▶ Exercise objective: Nothing after the line with "Une main utilise" belongs in the copy; extract the lines below from the top through that line, pictures left out.

▶ Data section:
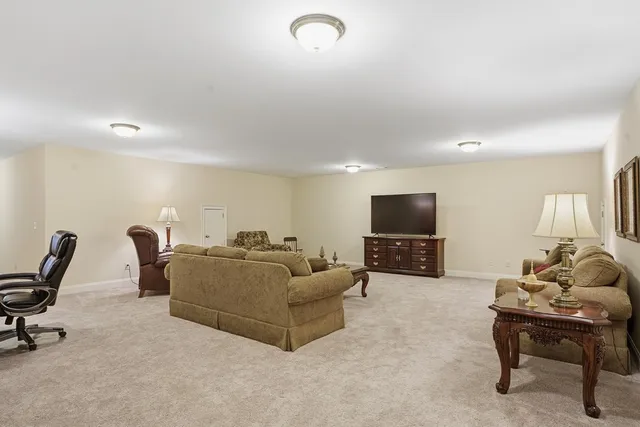 a living room with furniture a flat screen tv and a couch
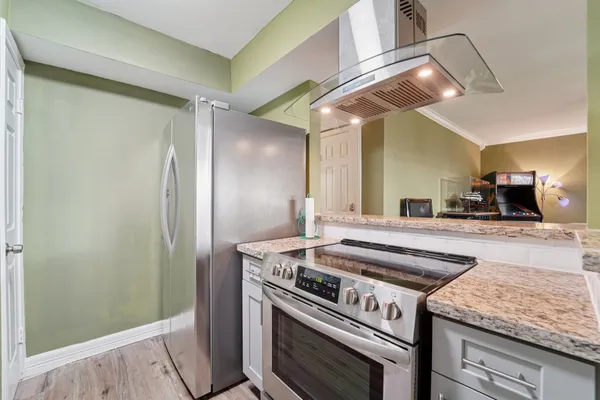 a kitchen with a stove and a refrigerator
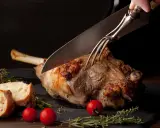 Une main utilise un couteau et une fourchette pour découper un gigot d'agneau rôti, prêt à être servi avec du pain et des tomates.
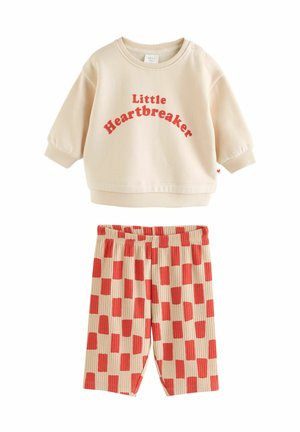Light beige sweatshirt with "Little Heartbreaker" in red text, paired with ribbed shorts featuring a red and beige checker pattern.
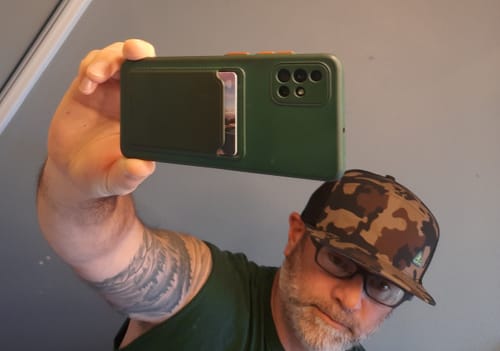 Customer's Big Flat Bill Structured Watersport Hat in a camo print, close-up on a person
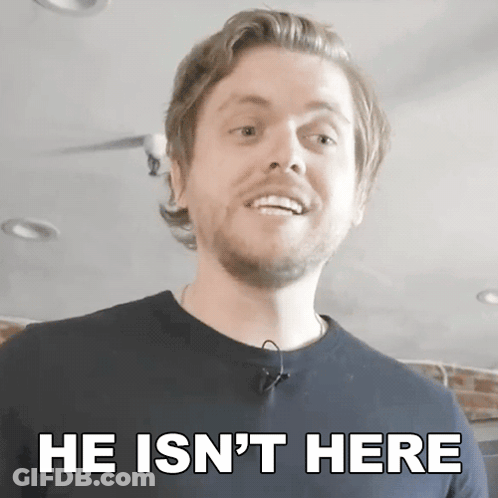 A Man With A Beard Is Smiling With The Words He Is N't Here Below Him GIF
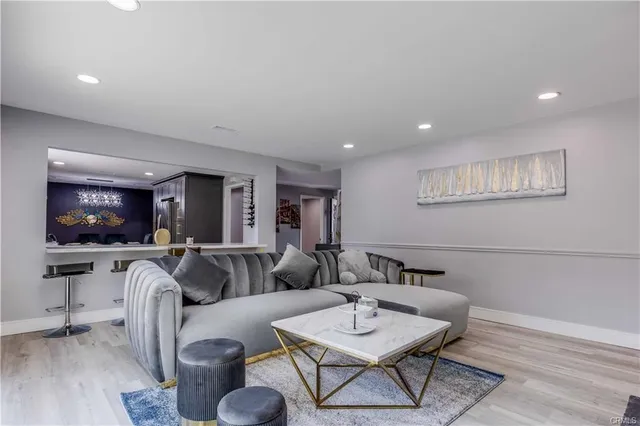 a living room with furniture a flat screen tv and kitchen view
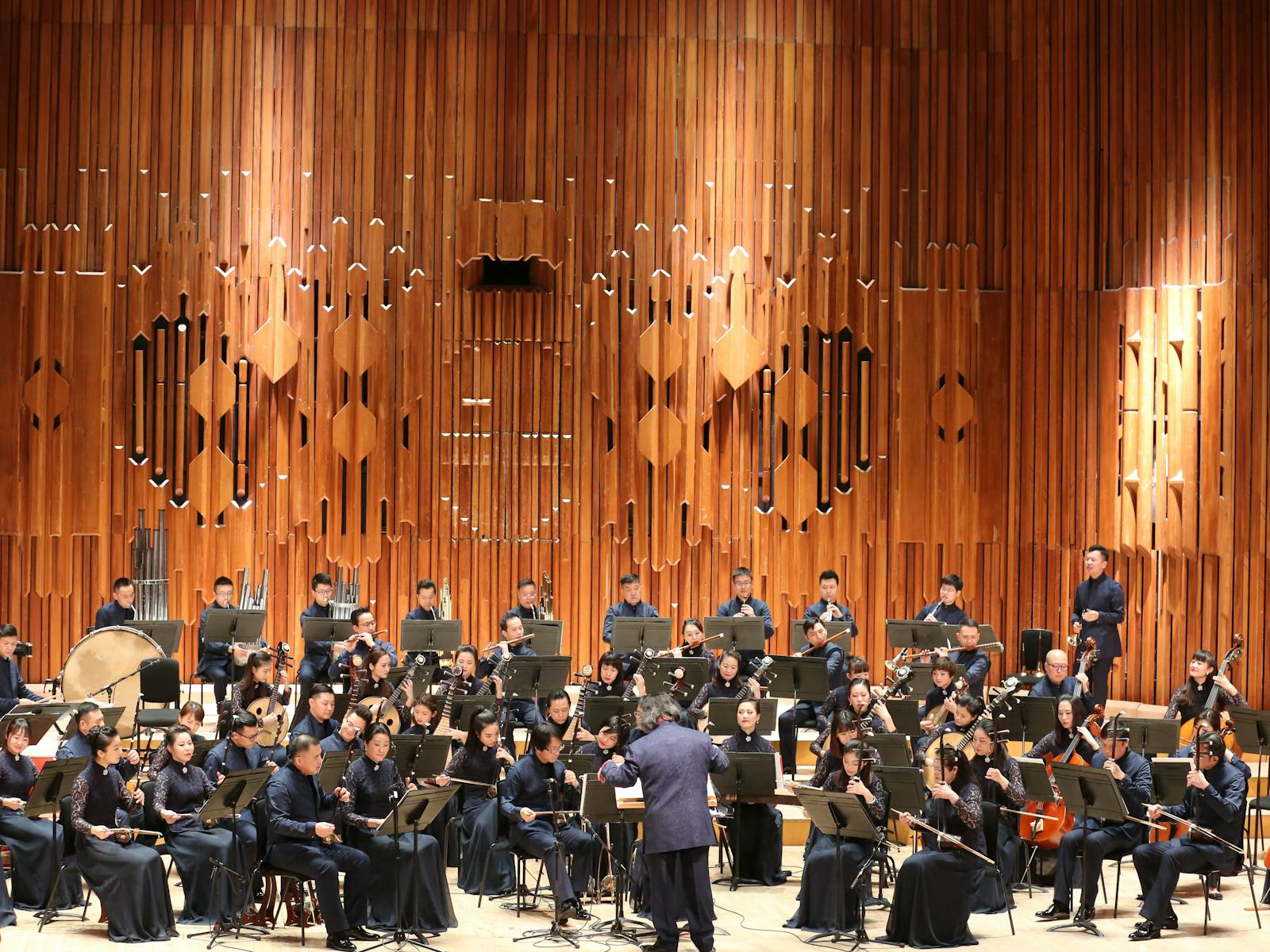Shanghai Chinese Orchestra performing on stage with traditional Chinese instruments, conducted under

▶ Reply:
 a living room with furniture a flat screen tv and a couch
 a kitchen with a stove and a refrigerator
 Une main utilise un couteau et une fourchette pour découper un gigot d'agneau rôti, prêt à être servi avec du pain et des tomates.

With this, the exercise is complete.